Der Monsun in Indien ist zwei Wochen früher gekommen – und hat das Gebirge ins Rutschen gebracht.

Fünf Tage ist Gopi mit ihrem Baby durch die Wälder und Berge geirrt, bis sie endlich ein Dorf erreichte. Sie habe Blätter gegessen, damit die Muttermilch nicht versiegt und das Kind nicht hungert, erzählt die erschöpfte Mittzwanzigerin Reportern. Die junge Mutter war auf einer Pilgerreise im heiligen Ort Gaurikund, als der verfrühte Monsun sie überraschte, der Fluss Mandakini aus seinem Bett ausbrach und alles mit sich riss.

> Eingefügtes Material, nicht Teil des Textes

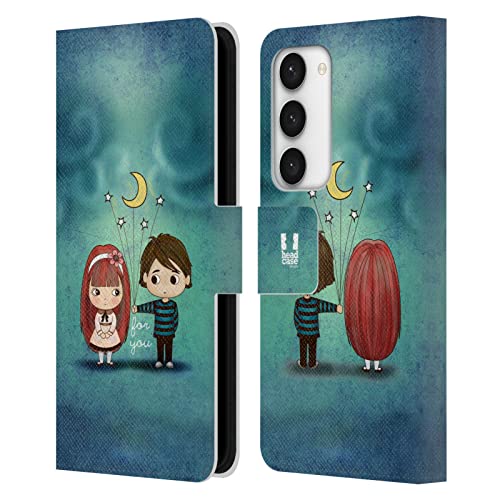 Étui portefeuille Galaxy S23 5G Head Case idée cadeau motif poétique lune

Mehr als eine Woche ist es her, dass Sturzfluten und Erdrutsche den indischen Himalaya-Staat Uttarakhand verwüsteten. Doch nur langsam enthüllt sich das ganze Ausmaß der Tragödie. Mindestens 1000 Leichen wurden inzwischen geborgen. Viele weitere Tote dürften noch unter den Schlamm- und Geröllmassen begraben sein. „Die Berge haben sich in Friedhöfe verwandelt“, schrieb die Zeitung „Mail today“. Im Fernsehen war die Rede von einem „Tsunami der Himalyas“. Die Retter kämpfen gegen die Zeit. Noch immer sind 32 000 Menschen von der Außenwelt abgeschnitten und warten auf Hilfe. Viele Gestrandete sind seit Tagen ohne Nahrung und Trinkwasser. Das Militär hat Notpakete abgeworfen. Doch es konnte nicht alle Eingeschlossenen erreichen. Vor allem Kinder, Mütter und Alte sind am Ende ihrer Kräfte. Angehörige müssen mit ansehen, wie ihre Lieben langsam sterben.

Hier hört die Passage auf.